As árvores de decisão tomam a forma de diagramas e estruturam um mapa com possíveis escolhas para a melhor ação. A ferramenta, ainda que na sua forma simples, pode proporcionar lógicas à escolha de cursos alternativos de ação/decisão.

A árvore é útil, não somente por organizar os fatores de influência, na problemática em questão, mas, também, por estimular a imaginação e o aprofundamento no exame de elementos cruciais dessa tecnologia, revelando pontos de possíveis impactos e consequências.

Além disso, é um método auxiliar de checagem e de desafio de medidas empreendidas, pois permite a codificação de impactos por outros meios independentes de análise.

2.5 Brainstorming

É uma técnica criada em 1953, por Alex Osborn[3], focada na resolução de problemas ou na expansão das ideias.
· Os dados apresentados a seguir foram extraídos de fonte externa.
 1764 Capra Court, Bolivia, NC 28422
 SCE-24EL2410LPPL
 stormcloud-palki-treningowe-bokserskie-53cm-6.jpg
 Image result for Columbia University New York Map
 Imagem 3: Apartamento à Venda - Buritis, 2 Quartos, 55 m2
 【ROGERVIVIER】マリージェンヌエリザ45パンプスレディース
Um grupo de pessoas reúne-se e, com base em seus pensamentos e sugestões, aventa-se a possibilidade de se chegar a um consenso sobre o caso em estudo.
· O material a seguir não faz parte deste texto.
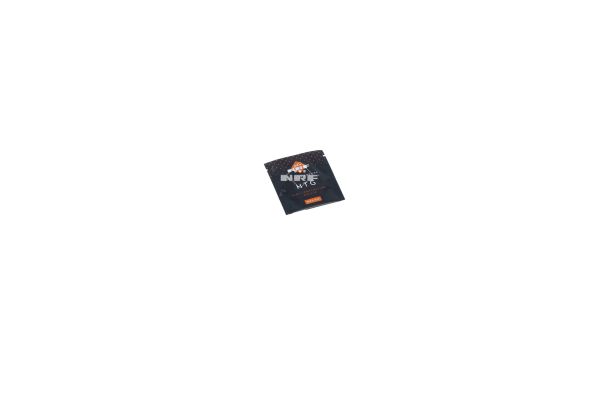 SENSOR, EXHAUST GAS TEMPERATURE VW TOURAN 1.6D 10-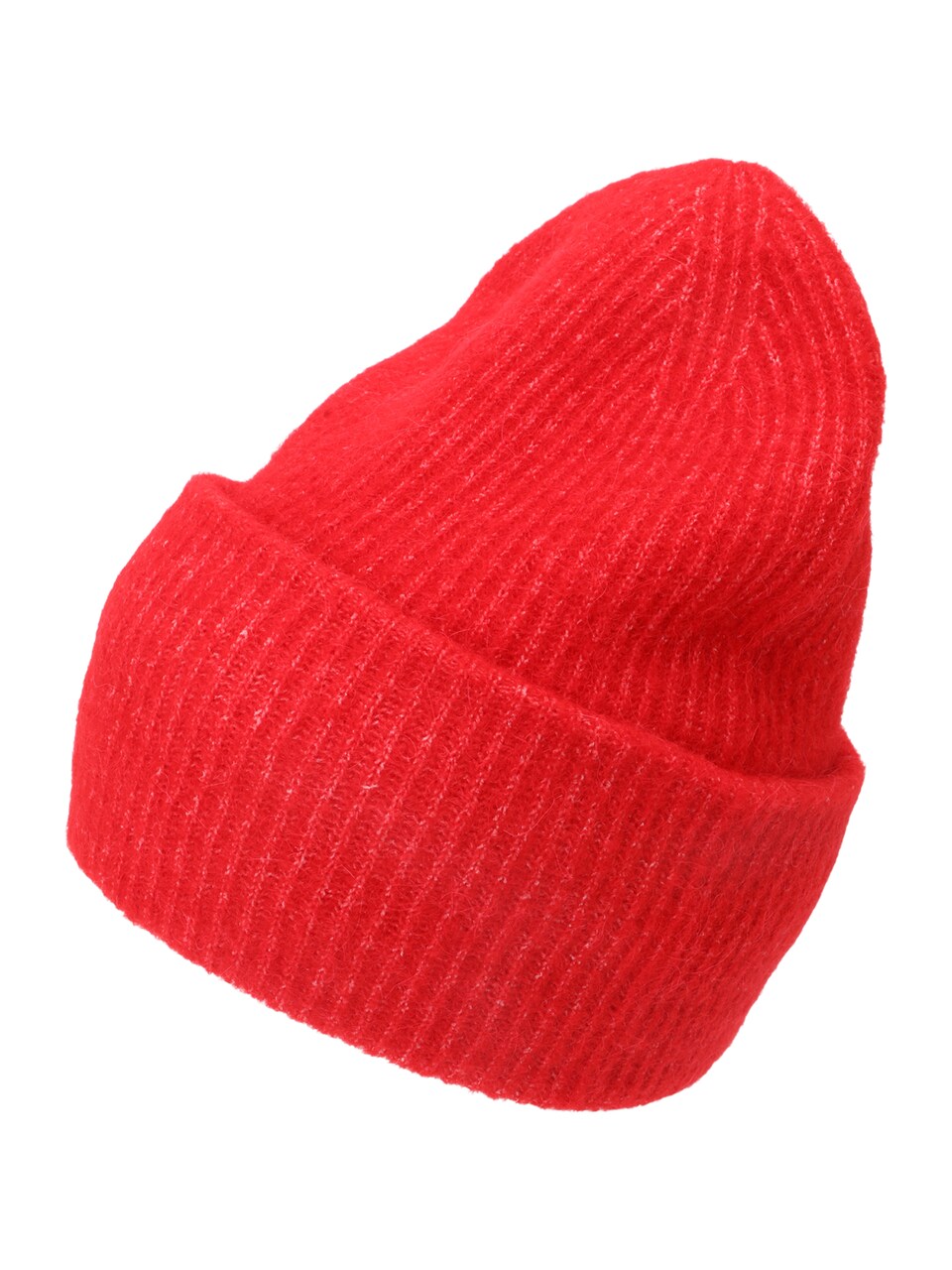Mössa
O primeiro passo da técnica e, talvez, o mais importante, é garantir a definição do problema, pois, somente assim, será possível planejar ações corretivas.

Entre outras vantagens do brainstorming[4], é possível destacar a sua capacidade de germinar as causas para os problemas, ajudar a decidir um passo a passo no desenvolvimento de um projeto e reconhecer oportunidades, além de encorajar a participação de todos, considerando que não é permitida censura por parte dos demais participantes. A grande sacada é o processo de adaptações e aperfeiçoamentos de ideias, que podem, inclusive, servir de inspiração para  a solução de outras problemáticas.

É uma técnica usada para desenvolver ideias criativas e inovadoras. Todos os membros do grupo apresentam sugestões de uma forma aleatória, enquanto uma pessoa registra as ideias, sem crítica. O processo permite o surgimento de novas ideias, aumenta o surgimento de ideias incluindo as não familiares, estimula a sinergia e desencoraja a avaliação. O brainstorming escapa dos limites do pensamento lógico e transcende as restrições da tradição, do tempo, de recursos e de precedentes. (BOHLANDER; SNELL; SHERMAN, 2003).

Uma variação do brainstorming é o brainwriting, sendo que a diferença básica entre as duas ferramentas é o fato de que, na segunda, as opiniões e ideias são apresentadas pelo grupo por escrito (MARSHAL JR et al., 2006).

É excelente para captar o pensamento criativo de uma equipe; nela, o importante é a quantidade de ideias apresentadas, não a qualidade (ARAUJO, 2008, p. 243).
O brainstorming pode ser feito da seguinte forma:
i. transcrever todas as ideias;
ii. todas as ideias devem ser expostas ao mesmo tempo;
iii. todos devem concordar com a questão;
iv. escrever as palavras de cada participante;
v. decidir em conjunto qual a melhor opção dentre as alternativas.

Além disso, pode ser de dois tipos:

i. estruturado: há uma metodologia para que as ideias sejam manifestadas; tem como vantagem fazer com que todos participem; por outro lado, tem como desvantagem exercer pressão nos participantes.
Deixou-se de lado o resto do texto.